11) Basic Living Expenses Eat Up A Higher Percentage of Income
High earners have a choice to live high on the hog, or to live like the middle class and retire early. Low earners don’t have that choice. They have to live like the middle class and still have to work into their 60s. I suppose they could live like they’re poor and retire early (and many Mustachians do) but that’s not exactly the same thing. Everyone has to eat food, and you can only cheap out so much on it before it starts to affect your health. Yes, you can buy a smaller house in a less expensive part of town, but they only get so cheap. Low earners are simply going to spend a higher percentage of their net income on needs (versus wants) than high earners are.
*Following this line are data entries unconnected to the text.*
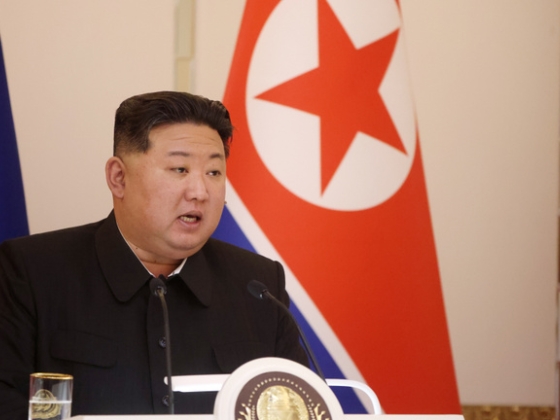 Kim Dzsongun atomfegyverekkel küldené tengerre haderejét, már szolgálatba is állt az új romboló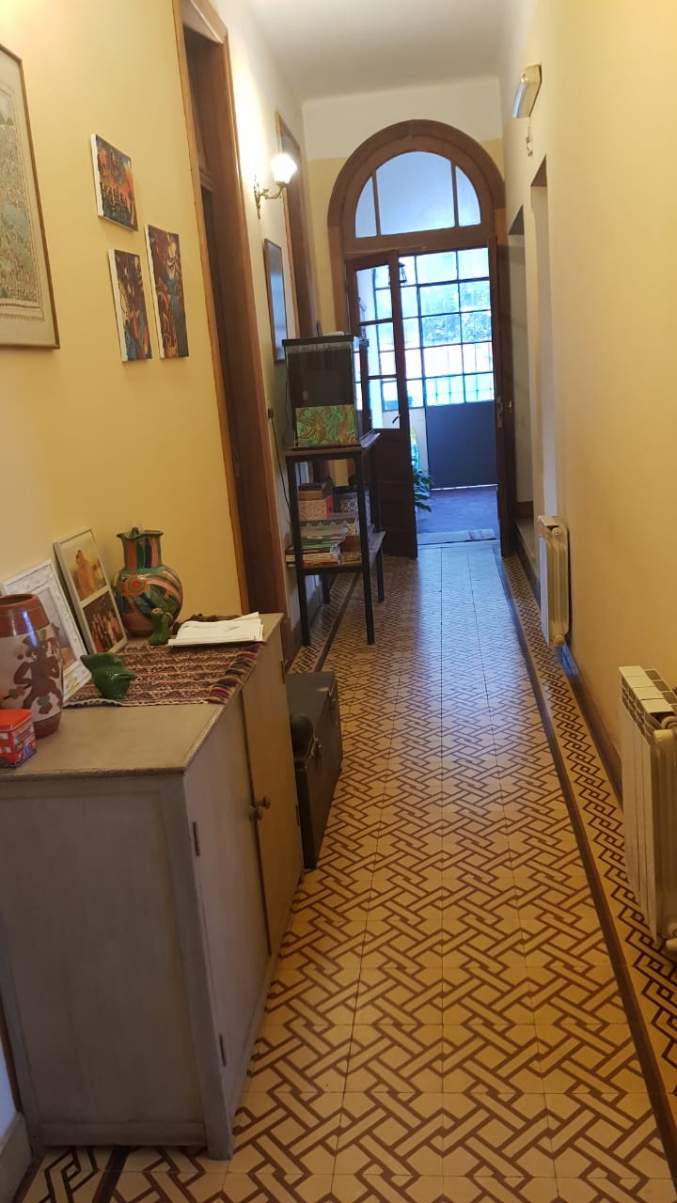 En VENTA excelente Chalet en barrio Colón, conservada con exquisito gusto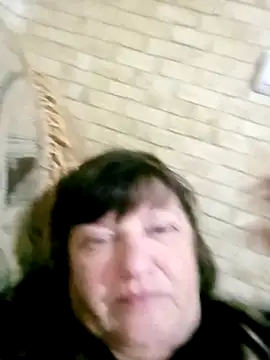 Snapshot of Apeesynka55211 chatting on November 6, 5:44 am Apeesynka55211 online show from November 6, 5:44 am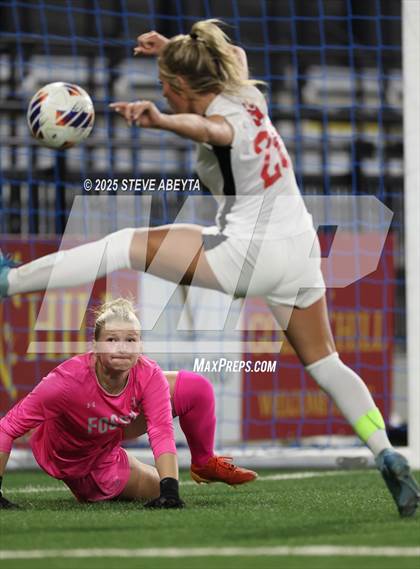 Thumbnail 3 in Fossil Ridge vs. Castle View (CHSAA 5A Championship) photogallery.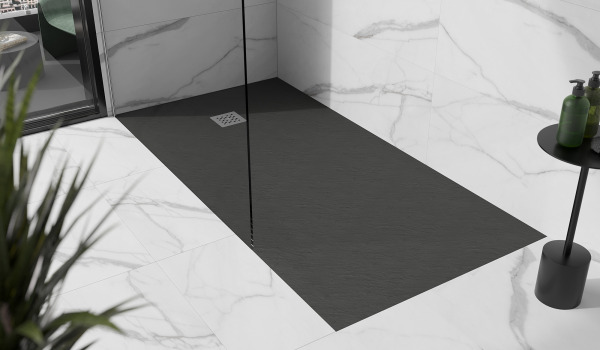 Marmorirana kopalnica s kadjo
12) Unsavory Financial Professionals Target You Too
Sure, you don’t have the target on your back that “financial advisors” see on the backs of doctors, but don’t kid yourself–many financial firms target low earners also. Payday loans and pawn shops anyone? They’re not putting those businesses up in the high end neighborhoods. I’m also amazed at just how many people who can’t afford adequate term life insurance have somehow been sold a whole life policy. And what about all those “get out of debt” schemes?
13) Having to Say “I Can’t Afford That.”
Sometimes high earners feel obligated to treat lower-earning friends and families. However, there’s something worse. Having to say, “No, I can’t go out to eat” or “No, we can’t drive three hours to go camping this weekend” or “No Junior, you can’t play basketball this season” because you can’t afford it. When all your friends and family are going to go do something fun you can’t afford, it sucks to miss out. High earners rarely have that experience.
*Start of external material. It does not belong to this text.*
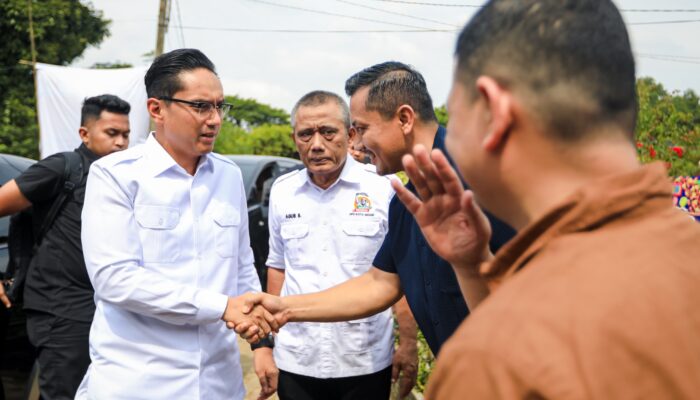 Jalankan Program Urban Farming, Rico Waas Serahkan Mandat Kepada Koordinator Kecamatan Tani Merdeka Indonesia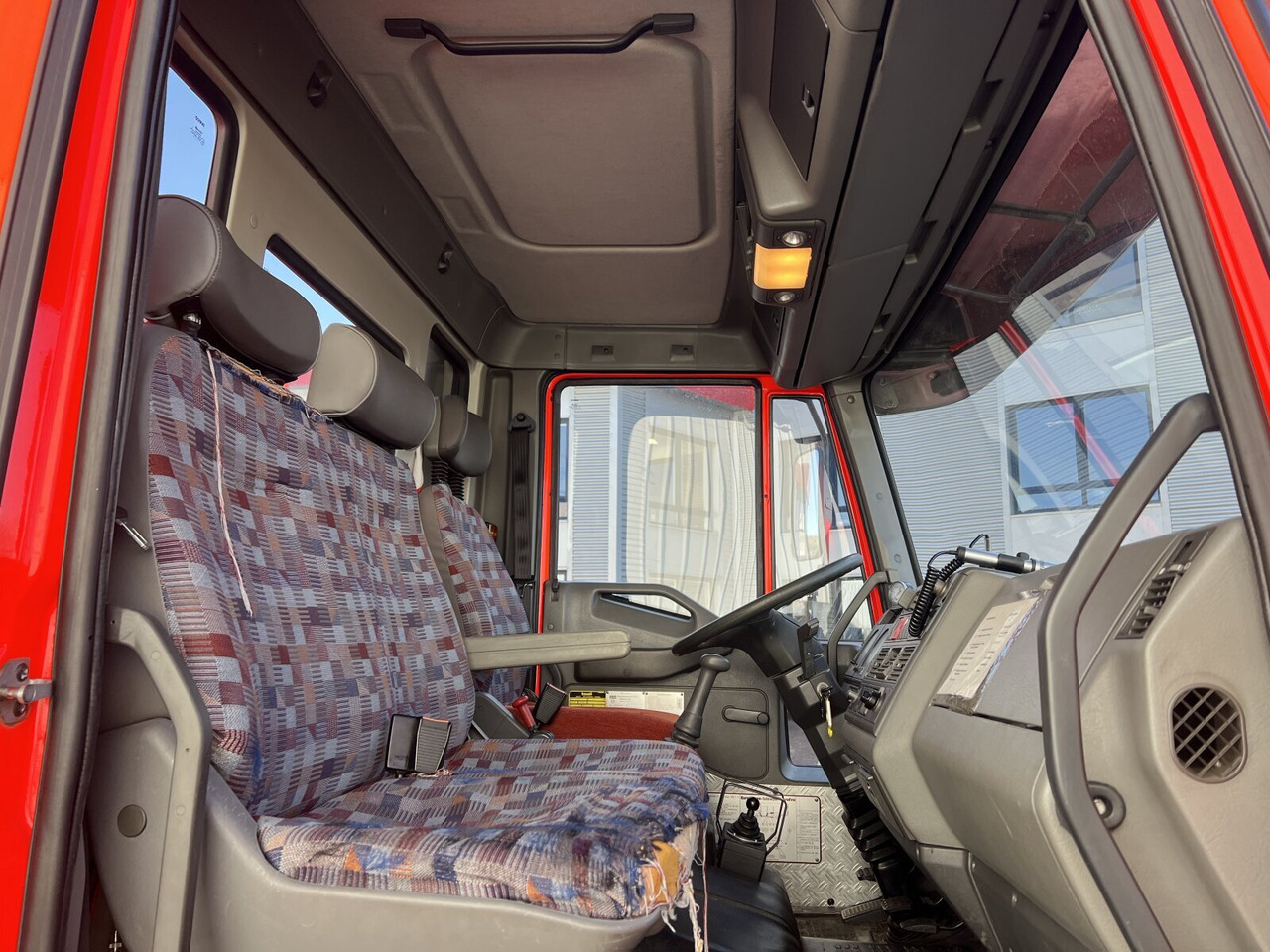 FF 95 E 18 WR 4x4 FF 95 E 18 WR 4x4, 6000l Wassertank - Camion citerne: photos 3 FF 95 E 18 WR 4x4 FF 95 E 18 WR 4x4, 6000l Wassertank - Camion citerne: photos 3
14) Poor Investing Choices
Being willing and able to put more money into an investment can often save you money/earn you more money. A $20,000 CD or savings account often pays a higher rate than a $1,000 one. Vanguard’s Admiral shares require a $10,000 investment. If you only have $3,000, you can only invest in the more expensive investor shares. You may be forced to buy ETFs if you can’t even scrape up $1-3,000. Ever tried to rebalance a four asset class, four figure portfolio? It’s a pain. And investments that require you to be an accredited investor? Not even an option. You’re also much more likely to be stuck with a crappy 401(k) loaded with higher expense ratio, loaded, actively managed mutual funds kicking money back to everyone but you.
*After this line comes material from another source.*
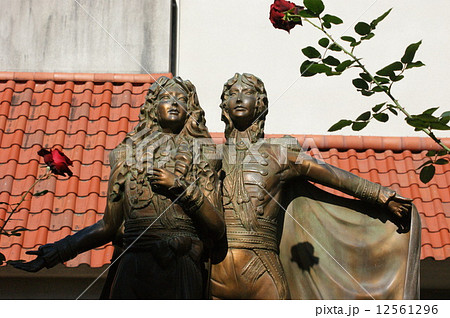 ベルサイユのばらの銅像 ベルサイユのばらの銅像 12561296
15) Tax Deductions Aren’t Nearly As Valuable
If you’re in the 33% bracket, donating $10K to charity saves you $3,300. If you’re in the 15% bracket, donating $1K to charity only save you $150, and that’s assuming you somehow found enough other deductions to get above the standard deduction.
16) PSLF Results in Much Less Forgiveness
Yes, doctors and lawyers have to take out much bigger debts to go to school. But if they’re willing to work for a 501(c)3 or government entity, they can also get those loans forgiven after just 10 years. Doctors can get even more forgiven if they spend 3-6 years in residency and fellowship. They might have hundreds of thousands forgiven by PSLF. How much might you get forgiven? Maybe a measly $10-20K. Sure, it’s better than a kick in the teeth, but not exactly the same.
Well, I’ve had a low income and a high income. A low net worth and a high one. My sisters will tell you I whined just as much in both situations, but not nearly as much as when someone blocks my road while playing Settlers of Catan. I’m not going to lie, I definitely prefer the high income/net worth. I hope this website will help you to obtain a high income and manage it well so it will someday be a high net worth. But for those who criticize me for writing about the money issues faced by high-income professionals, trivial as they might be, you might want to read the banner at the top of the blog before reading the content. It’s a financial blog for high-income professionals like doctors and their trainees.